The FBI's New York field office said a traffic stop was conducted but did not elaborate. "We did a traffic stop of a vehicle of interest in the investigation. No one has been charged with any crime. The investigation is continuing," read a tweet from the office.
According to The Associated Press, the individuals were taken to an FBI building in lower Manhattan to be questioned.
The FBI may be looking for additional suspects, the sources told ABC News.
As ABC News previously reported, multiple law enforcement officials told ABC News that investigators are exploring the possibility that the New York explosion and one earlier that day in New Jersey are linked to the same bomber or bombers, because of what appear to be similar types of cellphones.
On Sunday night multiple law enforcement officials told ABC News that police would like to talk to a male seen on surveillance images recovered from both 23rd Street in Manhattan, where the explosion occurred, and 27th Street, where an unexploded second device was found.
Police have not identified the man and have not characterized him as a person of interest. It is also unknown if that man is related in any way to those taken into custody Sunday night.
The explosive device in New Jersey and the one that caused the blast in New York City were both set off with cellphones, according to two law enforcement officials who have been briefed on the case. The unexploded device also had a cellphone connected to it.
Authorities cautioned that this is only a line of inquiry and not a conclusion. The probes remain separate investigations, the FBI and officials in New York said.
"Just because you have one thing in common doesn't mean the devices are similar," one official told ABC News.
The explosive devices looked very different: The one in New Jersey consisted of pipe bombs, and the one in New York was not.
The video below was posted by Terri restaurant on West 23rd Street, 176 yards east of where the explosion took place. A boom is heard.
New York City Mayor Bill de Blasio said at a press conference Saturday that there was at that point no evidence linking the Saturday night blast in Manhattan's Chelsea neighborhood to the explosion earlier that day, in Seaside Park, New Jersey, along the route of a planned 5K charity run for military service members. But, he said, the possibility of a connection "will continue to be considered ... [We] are not taking any options off the table."
"We know there was a bombing," he said. "We will be very careful and patient to get to the full truth here.
"Was it a political motivation, a personal motivation? What was it? We do not know that yet," de Blasio said.
The New York City explosion, which injured at least 29 people, occurred around 8:30 p.m. in an area frequented by shoppers and diners. All of those injured have been released from hospitals, de Blasio said.
In a block-by-block search after that blast, two former state troopers found a second device on 27th Street between Sixth and Seventh avenues, said James O'Neill, the city's police commissioner.

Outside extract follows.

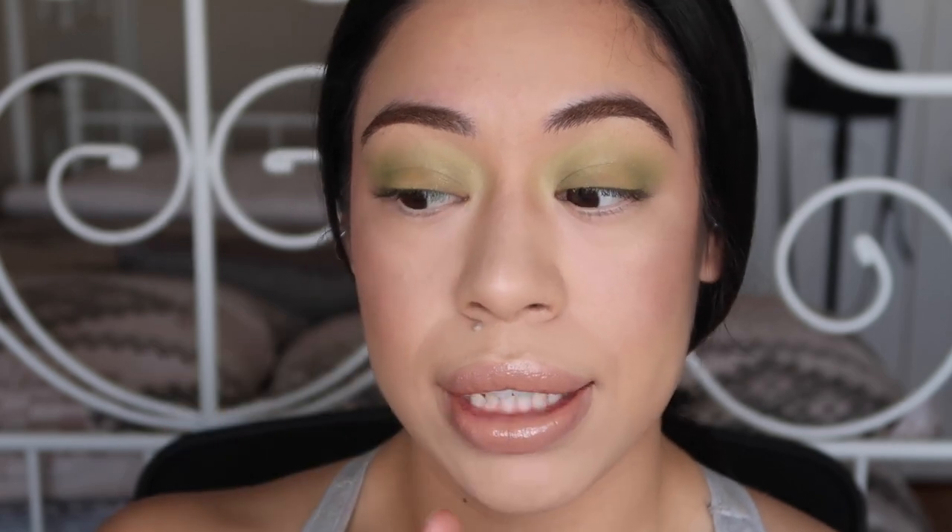Alright guys, so I basically did my whole face makeup. I'll leave everything I used down below so you guys know what I used on my face. I'm gonna finish up my eyes, put the gloss, finish my under eye area, put mascara, and also do my lips, and then we'll be done with the look.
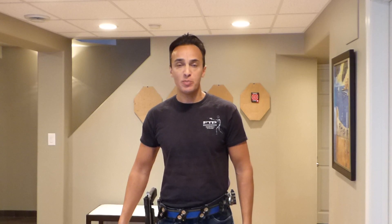Hi everybody, it's Philip from FTP Shooting Sports and I'm here to introduce our new laser training cartridge.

That device, using a pressure cooker, was in a white plastic bag with tape, wiring and a cellphone or other electronic device.
The second device was sent to the NYPD's bomb squad facility in the borough of the Bronx, and on Sunday around 7:45 p.m., the NYPD spokesman J. Peter Donald tweeted, "NYPD and FBI Bomb Technicians rendered the device safe. A forensic examination of the device and its components will be conducted at the FBI Laboratory at Quantico, Virginia."

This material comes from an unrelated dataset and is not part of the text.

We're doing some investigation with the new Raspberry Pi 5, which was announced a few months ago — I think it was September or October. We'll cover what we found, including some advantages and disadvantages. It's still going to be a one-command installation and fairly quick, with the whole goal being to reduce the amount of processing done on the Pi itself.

"We have two separate crime scenes," O'Neill said, adding that the FBI and the federal Bureau of Alcohol, Tobacco, Firearms and Explosives are involved in the investigation.

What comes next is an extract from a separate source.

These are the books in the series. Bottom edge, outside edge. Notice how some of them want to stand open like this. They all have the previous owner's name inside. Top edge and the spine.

O'Neill said officers have recovered video from both scenes and are continuing to canvass for witnesses and additional video.
New York Gov. Andrew Cuomo said earlier today that the explosion was probably not an international act of terrorism.
Cuomo said that while no international group has claimed responsibility for planting the explosive device, any bomb exploding in New York was terrorism "generically."
Surveillance video from the site of the blast shows the explosion and indicates that an object containing the explosive device was intentionally left next to a construction trash container.
In one video obtained by police, a man is seen crossing the street in the vicinity of where the explosive device appears to have been left. The trash container was blown into the street by the force of the blast.
The New Jersey blast took place in Seaside Park on Saturday morning along the route of a planned 5K charity race to benefit U.S. Marines and sailors. Because of delays starting the run, the explosion occurred when not many people were nearby.
ABC News' Michael Edison Hayden contributed to this report.